そういった時間をギュッと凝縮して勉強時間に充てれば、ちゃんと資格が取れると思ったんですよ。

おおお…確かに、そう考えると可能性があるようにも思えますが、サッカー関係の仕事に就くという選択肢はなかったんでしょうか。

もちろん、最初に考えました。サッカーコーチやトレーナーをやりたかったんです。

でも調べてみると、給料が少なかったんですよね。当時、月に手取り10万〜20万円でしたから、家族を持ったら養えないと思い断念しました。

逆に、弁護士や医者などの高収入の仕事に就ければ、空いた時間にサッカーコーチをボランティアですることができます。人生のどこかで、サッカーに関われればよいと思って。実際、今はサッカーチームでサッカーを教えたり、サッカー動画をアップするYouTubeチャンネルを運営したりしています。お金と時間に余裕が持てたから、好きなサッカーに戻ってくることができました。

なるほど。給与が良い職業として弁護士や医者が候補に上がったわけですね。
それがなぜ、エンジニアに?

IT分野に興味を持ち始めたのは神学部の教授の言葉がきっかけでした。

「今後はITと英語の時代。それだけやっていれば食っていけるよ」と言われたんです。

ITと一口にいっても、ネットワークやデータベースなどいろんな分野があり、その中にさらに細かい技術がある。そのうち一つでも習得できれば、そこでプロフェッショナルとしてやっていけると気付きました。

当時、リーマンショック前でIBMのプログラマーの年収は5000万円ほどでした。必死に勉強して弁護士や医者を目指すよりも、エンジニアになった方が稼げると思ったんです。スタートが遅れていても、挽回しやすさがあるというのも自分にとってはメリットでした。それでエンジニアになるべく大学院へ進学することに。

神学部から情報系の大学院への進学となると、文系から理系への転換ですよね。
受験は大変だったのではないですか?

まず、文系の大学卒で受験できる大学院を探すところから始めました。全国の大学院を全て調べたんです。

全て…?

はい。北海道から沖縄まで本当に全部調べました。

そして、北陸先端大学院情報科学研究科の専攻科に進学することになります。他にも受験した大学院はいくつかあったのですが、神学部卒と聞いただけで「神学部?無理無理。受験しに来ないで」と門前払いしてきた教授もいました。本当に悔しかった。

今の酒井さんの姿を見せてやりたいですね。

大学4年の冬ごろから、大学院に早めに行き始めました。他の学生よりもスタートが遅いからといって、教授が先に勉強させてくれたのです。

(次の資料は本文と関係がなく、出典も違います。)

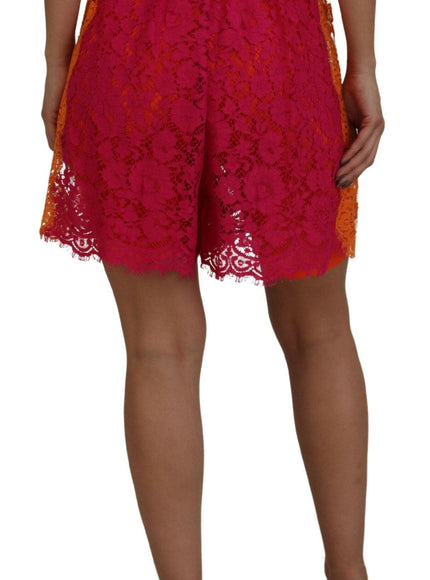 Dolce & Gabbana Pink Orange Lace Cotton High Waist Shorts - Ellie Belle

思い返してみれば、中学生のときは高校の練習に、高校生の時は大学の練習に、早めに参加していました。先にチームに馴染めば、レギュラーになりやすいと思ったからです。スタートダッシュがはやく切れれば安心ですからね。

大学院ではどう過ごしておられましたか?

孫正義さんがスピーチでよく「寝る以外は勉強していた」と学生時代を振り返っておられますが、まさにそんな感じでした。遊びにも行かず、ひたすらに勉強していました。

ちょうど、ホリエモンが出てきたITバブル全盛期。そんな風潮も、自分の勉強を後押ししてくれたと思います。

卒業後の進路はどう決められたのですか?

「伸びる産業」に身を置きたいと考えていました。せっかく時流に乗るIT業界に入るのであれば、その中でも将来性のある分野に就職したい、と。

教授にも相談しながら、携帯電話業界のNTTドコモに就職することに。

人気やご自分のやりたいことではなく、将来性で判断されたということですね。

僕にとってやりたいことって、サッカーだけ。サッカー以外の業界なら、どこに行っても一緒なんです。それなら、将来性があって、給料のいいところに進みたいですよね。

父が、貧困家庭に育った人だったというのも影響しているかもしれません。水道の水を飲んで空腹を紛らわし、苦学して宇宙開発に携わるまでになったので、「食うために、働く」という感覚を持った人です。

そんなこともあって、好きなことは稼いでからすればいいと割り切っていました。

就活中の人にアドバイスするとしたら、どんなことを伝えたいですか?

OB訪問したときの社員の印象とか、会社の雰囲気がいいとか、そういったことで就職先を決めない方がいい。何十年先に伸びるかどうか、自分にメリットがどれだけあるかを見極めてほしいです。